Brian C. Leighton, Clovis, California, for the appellee.

Before: WIGGINS and LEAVY, Circuit Judges and REAL, * District Judge.

WIGGINS, Circuit Judge:

The California Apple Commission ("the Commission"), created by a majority vote of California Apple producers, pursuant to California Food & Agriculture Code Secs. 75501 et seq., assesses a fee of one-fourth cent per pound of apples marketed on all producers of more than 40,000 pounds of California apples per year. The assessments are used predominantly to promote the sale of California apples. Bidart Brothers ("Bidart"), a major producer of California apples, brought suit in the Eastern District of California seeking declaratory and injunctive relief on the grounds that the Apple Commission legislation violated its First Amendment free speech and freedom of association rights, and its Fourteenth Amendment Equal Protection Rights. The district court granted a preliminary injunction, ordering the Commission to segregate all assessments on Bidart in a separate account, and to refrain from using those funds pending outcome of the case. The Commission appeals, arguing that the district court did not have subject matter jurisdiction because of the Tax Injunction Act ("TIA"), 28 U.S.C. Sec. 1341, which prohibits federal district courts from enjoining "the assessment, levy or collection of any tax under State law where a plain, speedy and efficient remedy may be had in the courts of such state." The Commission appeals only the district court's finding that the Apple Commission assessment is not a "State tax" under the TIA. We have jurisdiction under 28 U.S.C. Sec. 1292(a)(1) and affirm, finding that the Apple Commission assessment is not a tax under the TIA, and thus the TIA did not deprive the district court of subject matter jurisdiction.
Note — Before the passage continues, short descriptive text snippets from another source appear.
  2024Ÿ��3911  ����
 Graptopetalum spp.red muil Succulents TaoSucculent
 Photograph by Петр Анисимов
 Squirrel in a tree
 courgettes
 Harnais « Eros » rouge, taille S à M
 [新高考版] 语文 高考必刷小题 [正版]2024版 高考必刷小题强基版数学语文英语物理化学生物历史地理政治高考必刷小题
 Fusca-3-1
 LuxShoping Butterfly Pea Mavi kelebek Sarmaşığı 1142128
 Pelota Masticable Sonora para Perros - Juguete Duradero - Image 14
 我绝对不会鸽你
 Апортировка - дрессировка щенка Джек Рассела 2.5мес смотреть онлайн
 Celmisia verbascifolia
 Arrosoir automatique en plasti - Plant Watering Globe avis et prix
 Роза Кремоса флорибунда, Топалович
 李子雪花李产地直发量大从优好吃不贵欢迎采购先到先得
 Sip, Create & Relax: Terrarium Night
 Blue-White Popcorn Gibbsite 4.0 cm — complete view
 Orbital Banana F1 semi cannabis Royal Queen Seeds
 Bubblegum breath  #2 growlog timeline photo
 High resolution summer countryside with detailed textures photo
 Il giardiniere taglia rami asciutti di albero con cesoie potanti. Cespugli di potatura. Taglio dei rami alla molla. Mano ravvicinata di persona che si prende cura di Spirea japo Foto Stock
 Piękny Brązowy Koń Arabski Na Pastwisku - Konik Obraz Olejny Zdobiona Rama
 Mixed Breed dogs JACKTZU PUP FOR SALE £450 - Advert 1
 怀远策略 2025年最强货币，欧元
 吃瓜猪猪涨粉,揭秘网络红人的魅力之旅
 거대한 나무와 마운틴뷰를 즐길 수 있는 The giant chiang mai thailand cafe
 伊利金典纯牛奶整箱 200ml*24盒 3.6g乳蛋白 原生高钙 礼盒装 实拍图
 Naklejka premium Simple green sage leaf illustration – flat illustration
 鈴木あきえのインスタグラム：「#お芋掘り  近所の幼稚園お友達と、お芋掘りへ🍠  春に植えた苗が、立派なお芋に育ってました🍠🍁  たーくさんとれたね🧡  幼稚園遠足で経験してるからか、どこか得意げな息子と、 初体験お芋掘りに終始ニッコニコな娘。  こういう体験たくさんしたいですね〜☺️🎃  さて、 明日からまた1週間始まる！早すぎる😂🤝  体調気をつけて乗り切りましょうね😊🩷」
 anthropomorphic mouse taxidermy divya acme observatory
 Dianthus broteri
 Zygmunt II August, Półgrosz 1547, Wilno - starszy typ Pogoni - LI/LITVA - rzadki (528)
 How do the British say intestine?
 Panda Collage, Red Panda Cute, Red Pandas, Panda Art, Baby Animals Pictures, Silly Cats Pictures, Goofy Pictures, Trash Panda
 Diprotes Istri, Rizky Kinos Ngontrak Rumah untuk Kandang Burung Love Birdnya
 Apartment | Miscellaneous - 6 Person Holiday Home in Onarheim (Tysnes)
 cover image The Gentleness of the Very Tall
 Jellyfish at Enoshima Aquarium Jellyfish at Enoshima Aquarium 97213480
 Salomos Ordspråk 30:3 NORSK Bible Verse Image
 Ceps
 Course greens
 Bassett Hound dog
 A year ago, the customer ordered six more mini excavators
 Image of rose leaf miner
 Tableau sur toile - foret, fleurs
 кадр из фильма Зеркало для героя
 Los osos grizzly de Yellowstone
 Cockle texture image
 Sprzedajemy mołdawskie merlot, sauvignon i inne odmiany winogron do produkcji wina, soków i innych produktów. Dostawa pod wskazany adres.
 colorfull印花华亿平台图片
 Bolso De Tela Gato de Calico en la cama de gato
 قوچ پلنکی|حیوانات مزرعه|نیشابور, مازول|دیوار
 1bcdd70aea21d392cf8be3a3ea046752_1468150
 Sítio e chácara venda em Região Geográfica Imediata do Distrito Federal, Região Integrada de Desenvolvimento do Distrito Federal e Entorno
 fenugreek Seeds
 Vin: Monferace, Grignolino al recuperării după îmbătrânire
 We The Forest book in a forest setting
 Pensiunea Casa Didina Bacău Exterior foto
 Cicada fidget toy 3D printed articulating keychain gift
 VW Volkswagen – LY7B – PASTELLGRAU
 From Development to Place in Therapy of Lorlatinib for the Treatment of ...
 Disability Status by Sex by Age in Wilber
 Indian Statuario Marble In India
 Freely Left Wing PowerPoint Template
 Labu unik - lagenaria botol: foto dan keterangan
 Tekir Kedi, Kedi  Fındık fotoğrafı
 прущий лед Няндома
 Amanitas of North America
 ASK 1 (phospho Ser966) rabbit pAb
In 1990, California passed legislation authorizing the creation of the Commission. Cal.Food & Agric.Code Secs. 75501 et seq. ("Food Code"). The legislature made several declarations in the legislation regarding the apple industry and the purposes of the statute: the production and marketing of apples constitutes "an important industry of [California] which provides substantial and necessary revenues for the state and employment for its residents," id. Sec. 75501; "[t]he maintenance of the apple industry ... is necessary to assure the public of a continuous supply of this vital food product and the maintenance of needed levels of income for those persons engaged in the industry," id. Sec. 75502; the maintenance of the apple industry is a "public interest," id. Sec. 75503; and the legislation was enacted under California's police power to protect the "health, peace, safety, and general welfare of the state." Id.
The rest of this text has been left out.